Di tutte le maniere per descrivere un libro a chi non l’ha letto, la più impiegata è quella dei padri nobili, che può sintetizzarsi nella frase: non è Anna Karenina, ma gli somiglia. Appunto da questo approccio scaturiscono le curiose creature che usualmente popolano le prefazioni: il Tristram Shandy ciociaro, il Silmarillon del videopoker, l’ucronia gay che Knut Hamsun avrebbe voluto scrivere, eccetera. Mi piacerebbe evocarne una anche su queste pagine, ma per Lo Sturangoscia dovrò rinunciarci. Lo Sturangoscia non ha ascendenti o consanguinei letterari identificabili, e neppure una connotazione geografica o storica significativa. Potrebbe essere stato scritto quasi in ogni luogo e in ogni tempo. Insomma è un libro che non viene facilmente associato a nulla, salvo forse a una riuscita sbronza tra demoni di buon umore.

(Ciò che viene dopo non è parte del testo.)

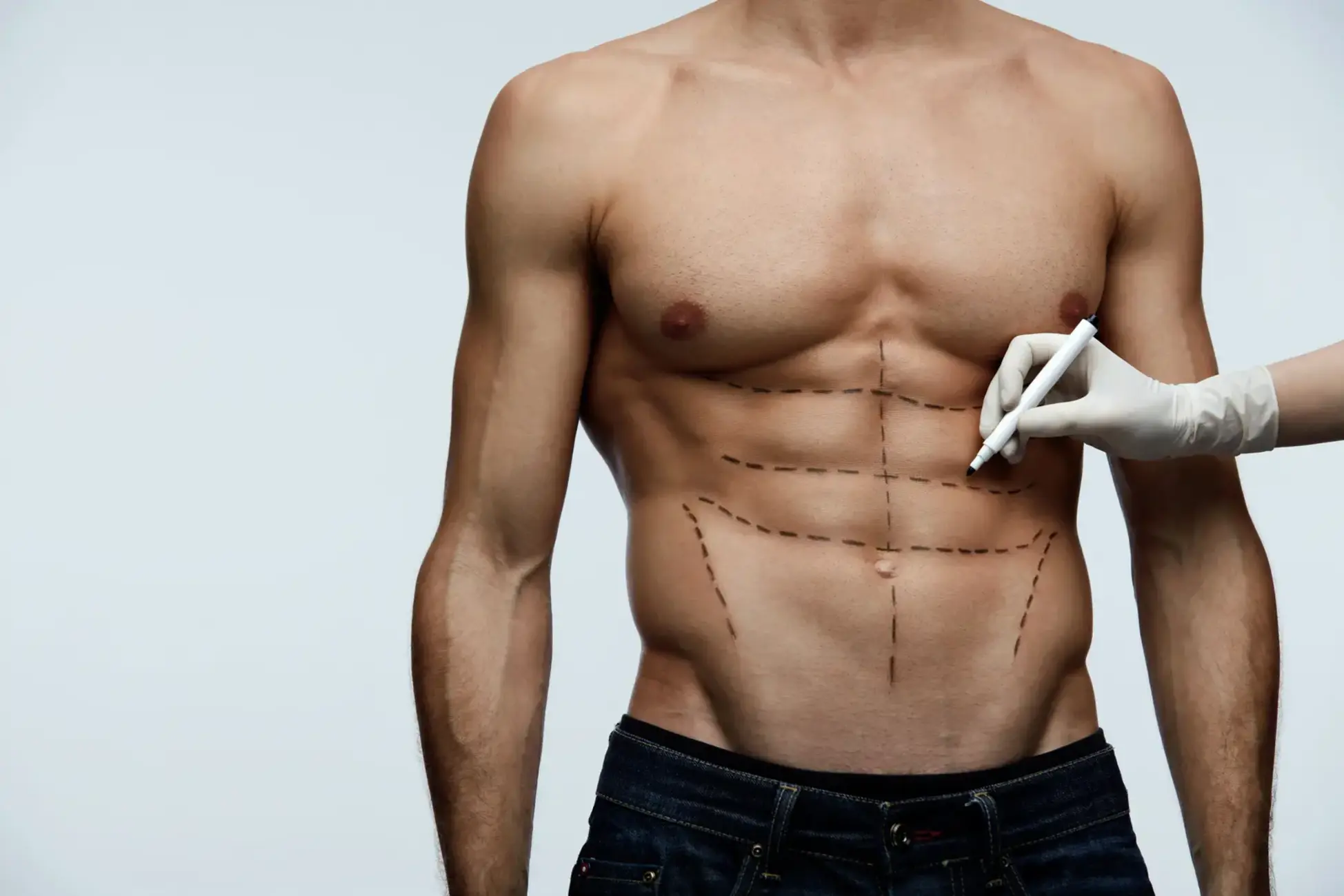 Plastic surgeon marking male torso for body contouring procedure.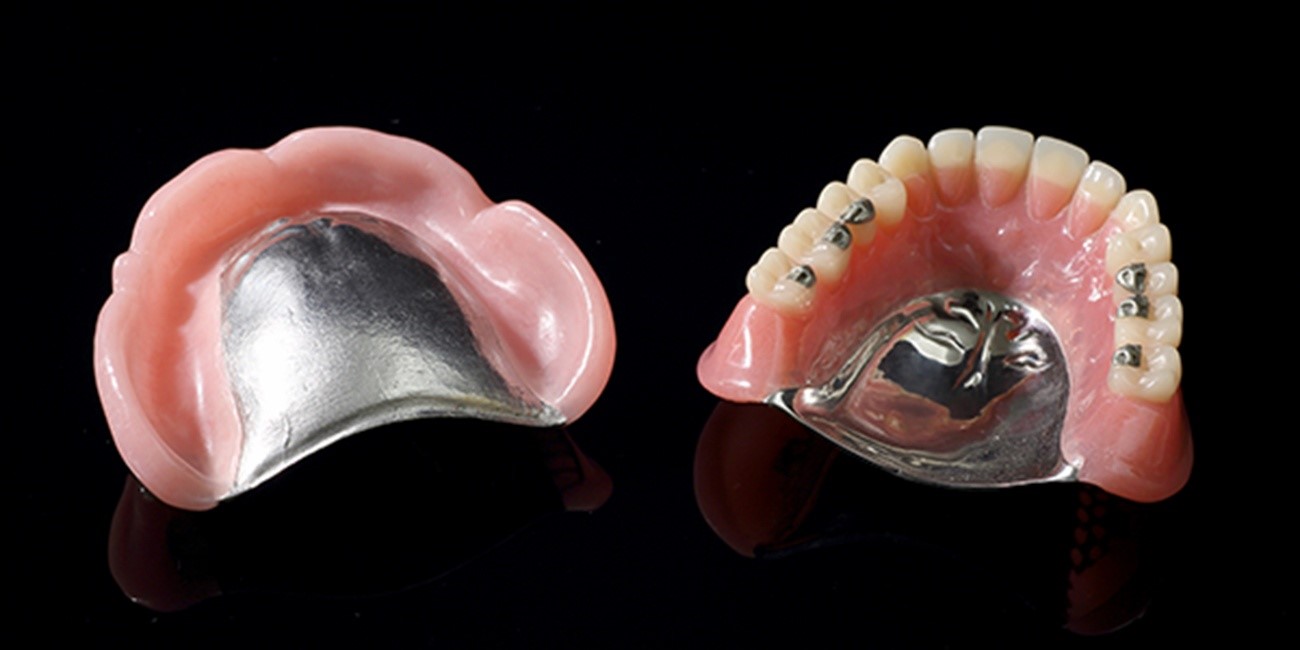 チタン床|たまプラーザの歯医者・入れ歯dentalclinicCたまプラーザ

Passando ai “fatti”, ma quanto detto sopra è già un fatto notevole, mi pare, Lo Sturangoscia è un romanzo epistolare che racconta dell’invenzione destinata a estirpare quello spiacevole e indefinito senso di disagio che spesso spinge le persone, tra le altre cose, a occuparsi di questioni ultime. Si tratta di un carteggio tra personaggi di fantasia, che però è un vero carteggio, perché gli autori si sono inviati le lettere che ne costituiscono il testo senza prendere alcun accordo sul loro contenuto, ciascuno cercando a ogni risposta di sorprendere, divertire e anche, essendo persone che tutto sommato indulgono al Male, di superare e stuzzicare l’altro. Queste imboscate reciproche compongono un romanzo sfavillante, dove si succedono con naturalezza continue invenzioni, come il Club del travestimento zoomorfo, la Casella Postale Inospitale, l’autolavaggio “Dignitose Autovetture”, i meteorologi affamati e regrediti a una sorta di abominevole stato ferino, il cromoinvestigatore che rileva un interessantissimo indaco passito e, imbaldanzito da tali confortanti parametri e auspici, va a mangiare cinghiale in trattoria, l’Esimio Editore dalle famigerate 3 P, pragmatico, pugnace e pignolo, e infinite altre, raccontate con una lingua incantevole, esatta ma fantastica, che seduce e schernisce, e che credo suonerebbe familiare a Mefistofele.
Chi legge molto, come con ogni probabilità tu, lettore indipendente di questa prefazione indipendente di un’edizione indipendente, sa quanto sia raro un libro davvero diverso dagli altri, e come i tentativi di scrivere qualcosa di nuovo siano spesso così forzati e dolorosi che solo la fantasia di lavorare per il bene della Letteratura ci dà la forza di girare le pagine. Lo Sturangoscia invece, direi, se si consentono simili metafore a un mero prefatore, sorvola la frontiera del consueto con la grazia di un aliante, offrendo al lettore un’esperienza di irrinunciabile immenso spasso. Quindi, ti auguro fiducioso buon divertimento.